▸ **Data supplied**:

┄┄┄┄┄┄

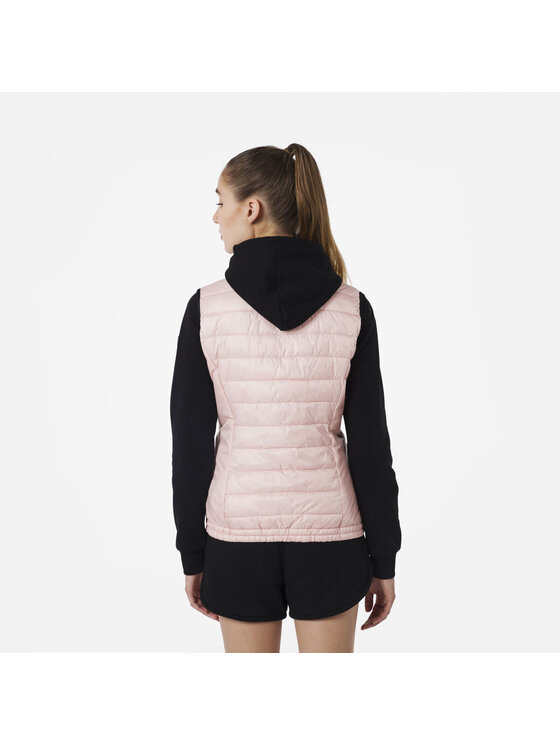 Rossignol Rossignol Bezrękawnik W Rossi Light Vest Różowy Regular Fit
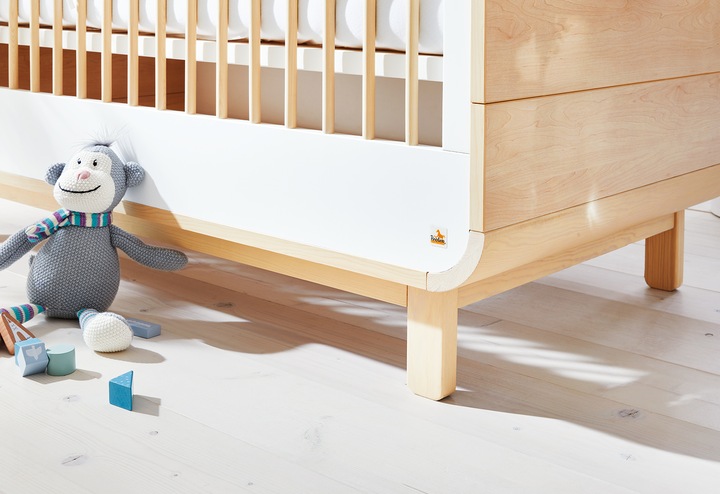 Produktbild Pinolino Round (Babybett, Wickelkommode)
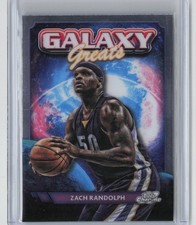 2023-24 Topps Chrome Cosmic #GG-31 Zach Randolph Galaxy Greats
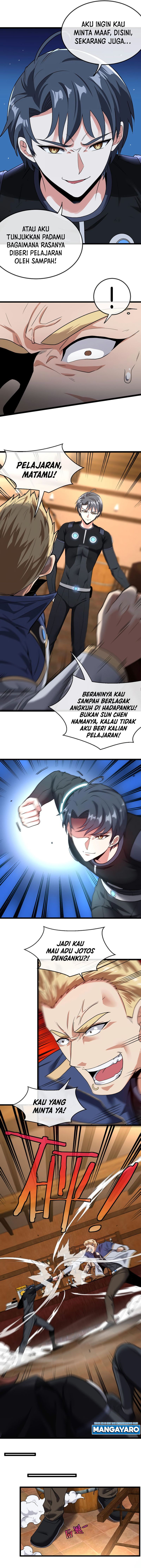 Divine Leveling System Chapter 11 Bahasa Indonesia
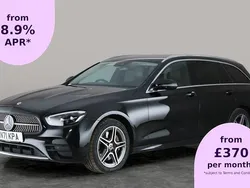Black Used 2021 Mercedes E300 AMG line Estate | £24,833 (Super price)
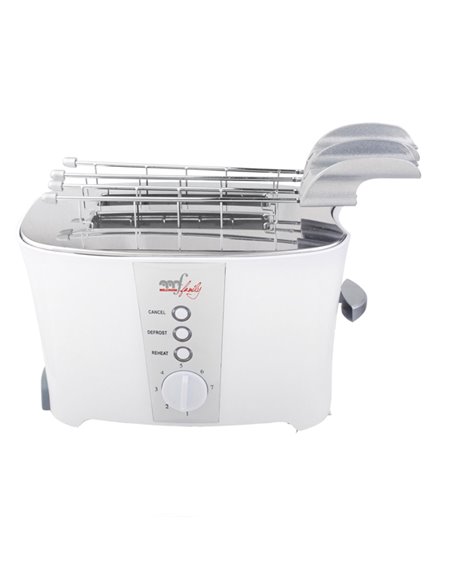 TOSTAPANE ELETTRICO A 2 PINZE 600W 118310008 Melchioni Family PICCOLI ELETTRODOMESTICI
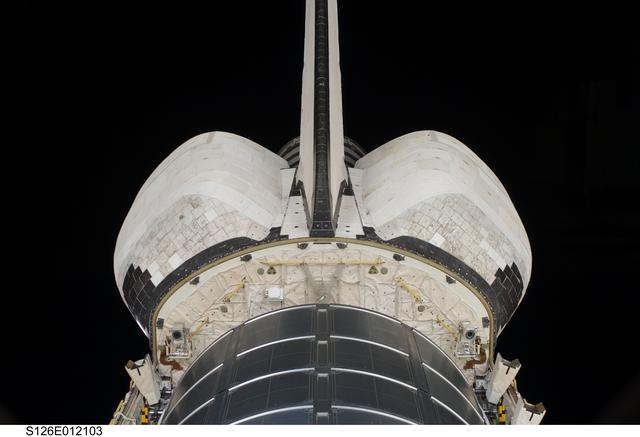 NASA image: Payload Bay of Endeavour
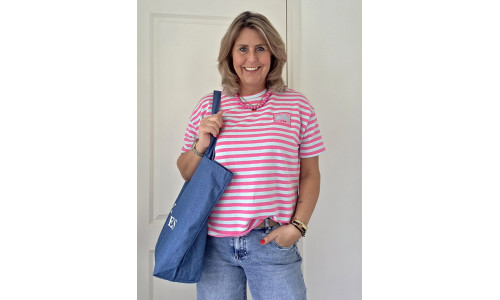 MON CHERI roze/licht blauw MON CHERI roze/licht blauw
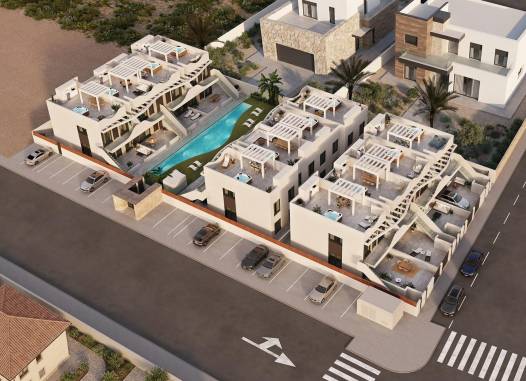 Bungalow - Nouvelle construction - Pilar de la Horadada - pueblo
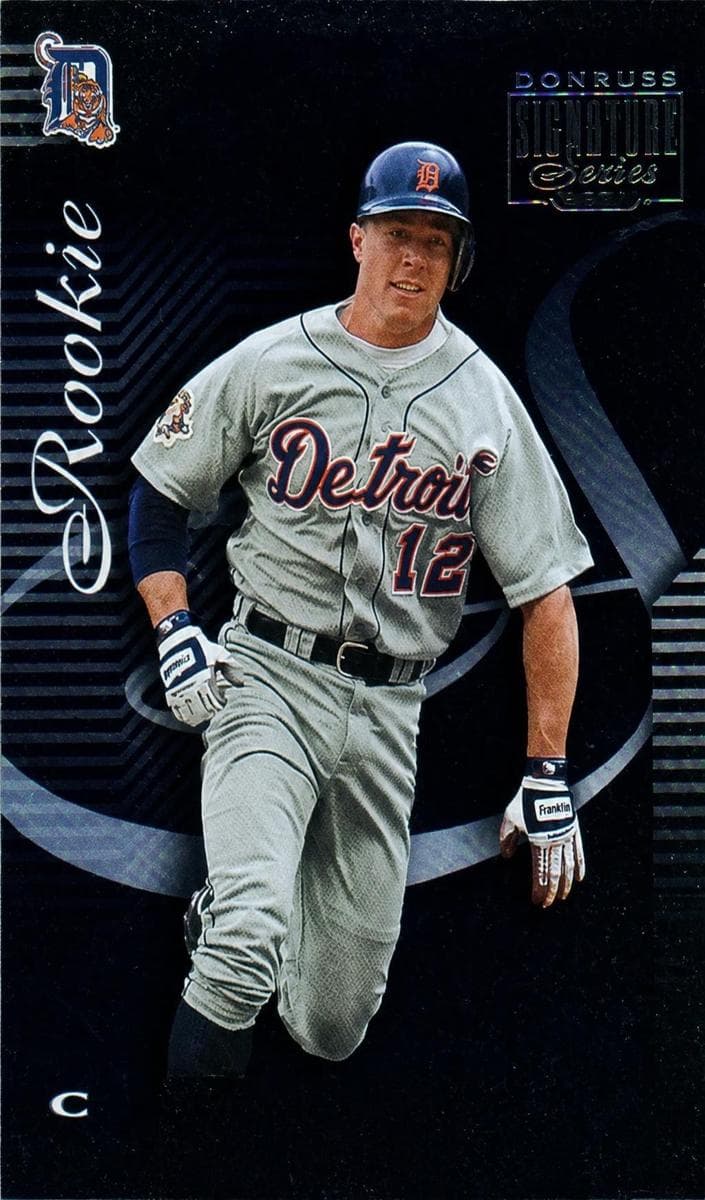 Brandon Inge 2001 panini Donruss Signature
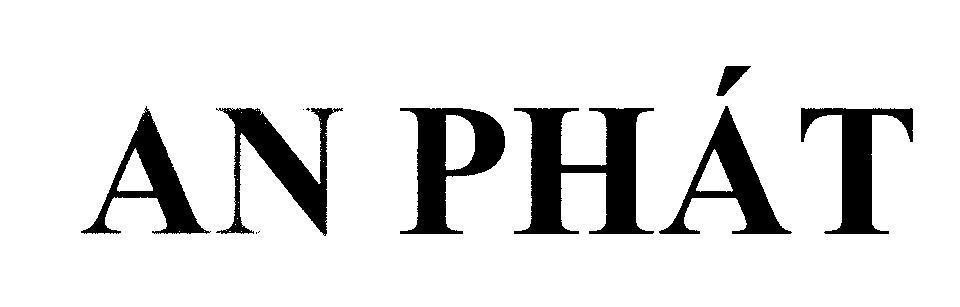 Mẫu nhãn hiệu An Phát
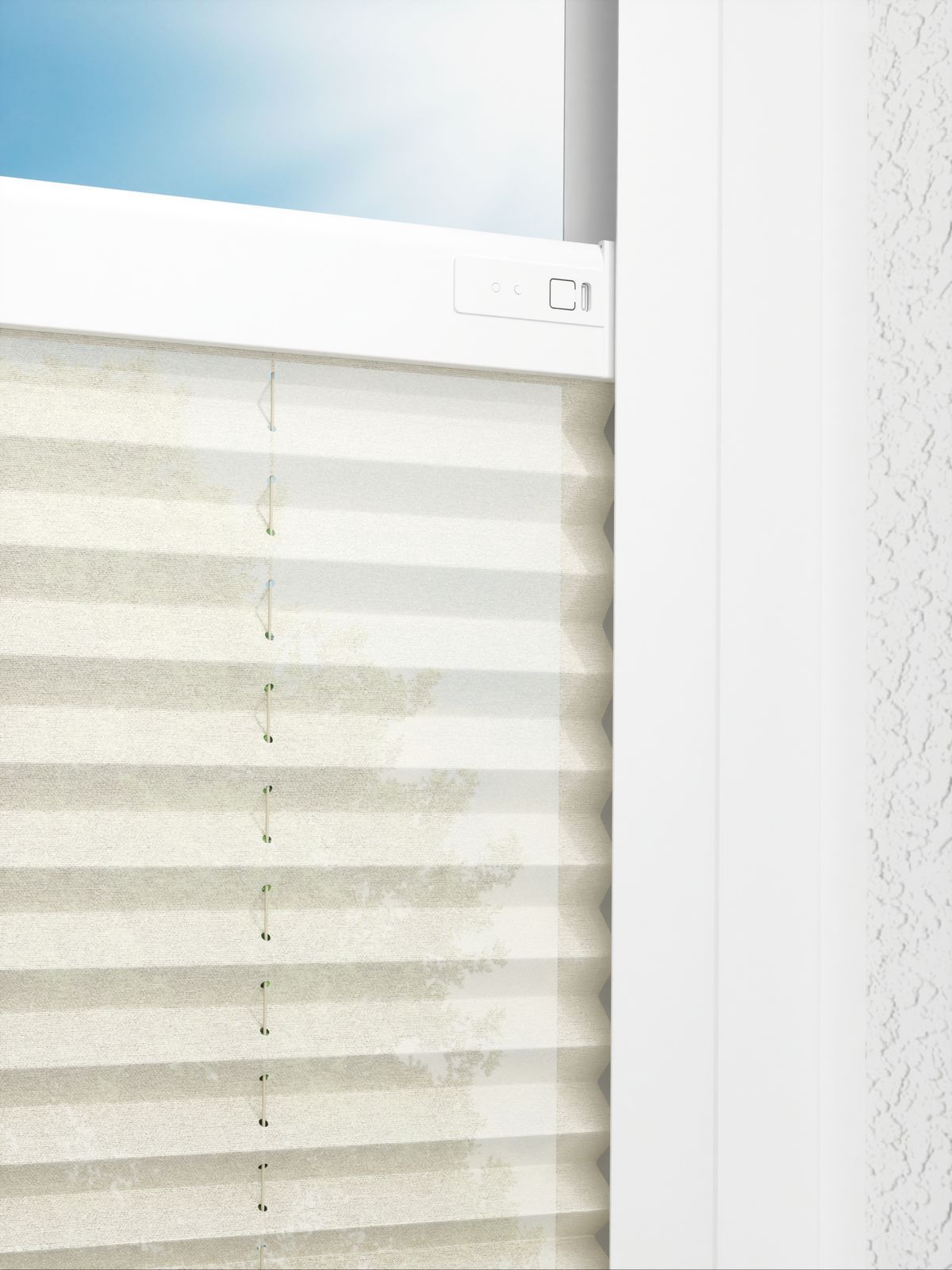 Detailansicht LYSEL HOME Plissé 226A Calluna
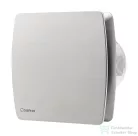 Sapho LEX axiális fürdőszobai ventillátor időzítővel, 15W, cső átmérő 100mm, inox LX104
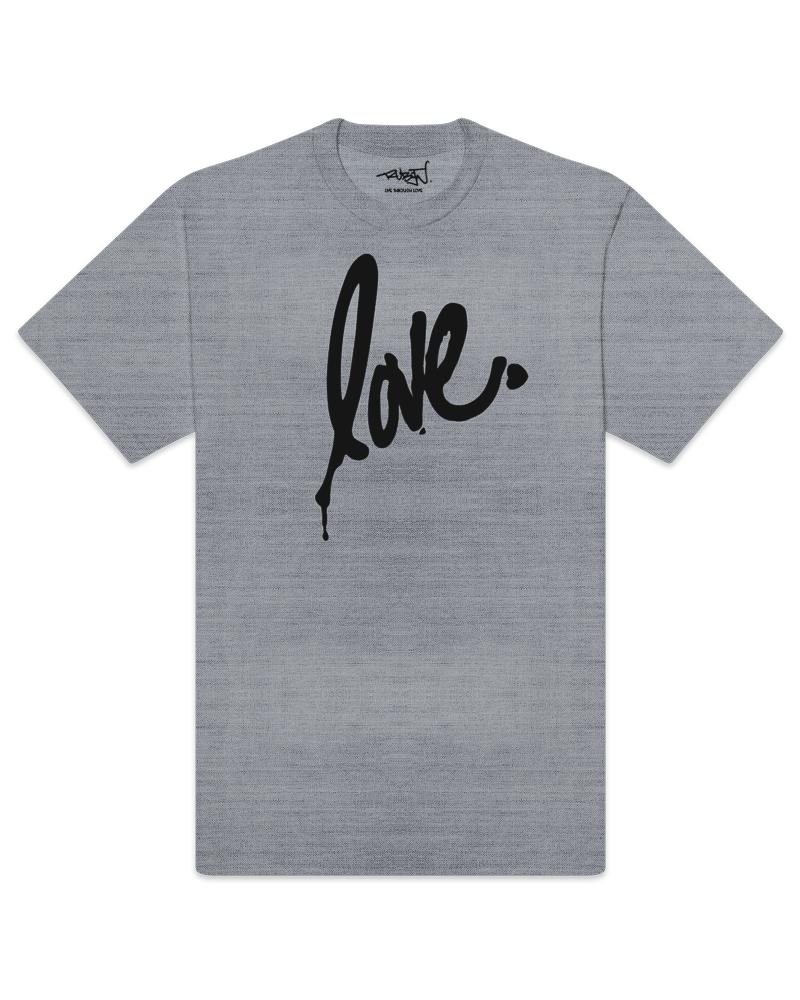 The Original Love T-shirt - Athletic Grey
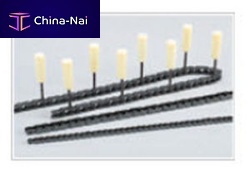 Steel transfer chain rollerfor ovensfor furnaces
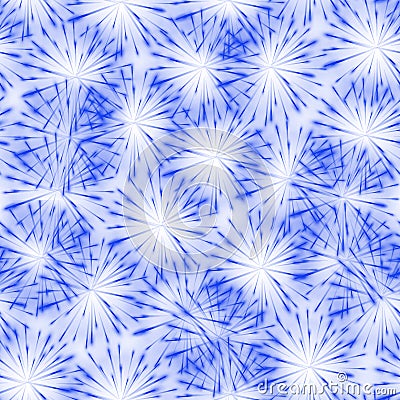 Abstract springtime bluel flower seamless pattern background, Dandelion. Seamless patern floral background. Pattern can be used as Stock Photo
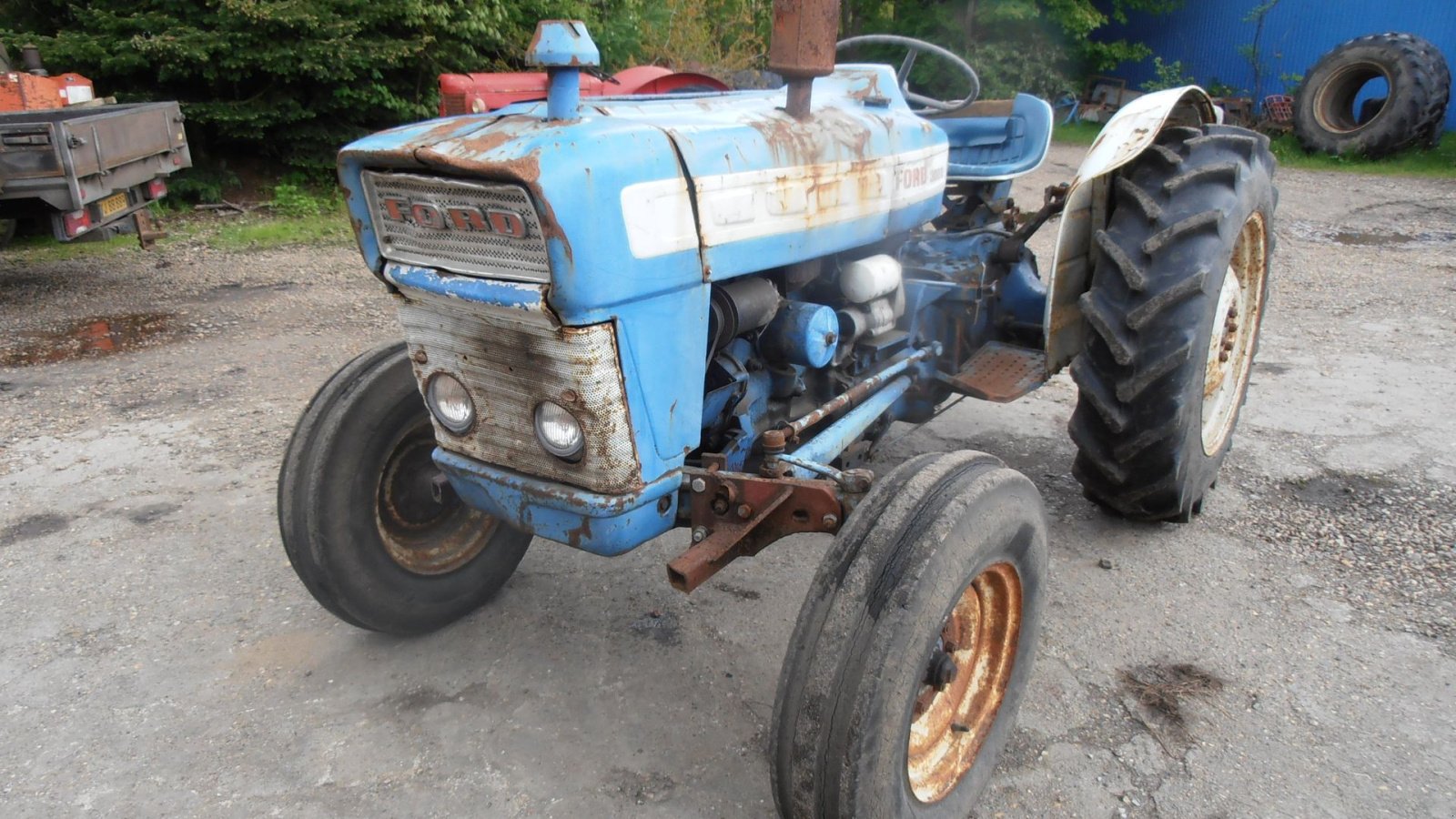 Traktor Türe ait Ford 3000 X Model, Gebrauchtmaschine içinde Varde (resim 1)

┄┄┄┄┄┄

▸ **How to complete this task**: Please set down each line of the data above exactly as written, without the pictures.

▸ **Reply to the task**:
 Rossignol Rossignol Bezrękawnik W Rossi Light Vest Różowy Regular Fit
 Produktbild Pinolino Round (Babybett, Wickelkommode)
 2023-24 Topps Chrome Cosmic #GG-31 Zach Randolph Galaxy Greats
 Divine Leveling System Chapter 11 Bahasa Indonesia
Black Used 2021 Mercedes E300 AMG line Estate | £24,833 (Super price)
 TOSTAPANE ELETTRICO A 2 PINZE 600W 118310008 Melchioni Family PICCOLI ELETTRODOMESTICI
 NASA image: Payload Bay of Endeavour
 MON CHERI roze/licht blauw MON CHERI roze/licht blauw
 Bungalow - Nouvelle construction - Pilar de la Horadada - pueblo
 Brandon Inge 2001 panini Donruss Signature
 Mẫu nhãn hiệu An Phát
 Detailansicht LYSEL HOME Plissé 226A Calluna
 Sapho LEX axiális fürdőszobai ventillátor időzítővel, 15W, cső átmérő 100mm, inox LX104
 The Original Love T-shirt - Athletic Grey
 Steel transfer chain rollerfor ovensfor furnaces
 Abstract springtime bluel flower seamless pattern background, Dandelion. Seamless patern floral background. Pattern can be used as Stock Photo
 Traktor Türe ait Ford 3000 X Model, Gebrauchtmaschine içinde Varde (resim 1)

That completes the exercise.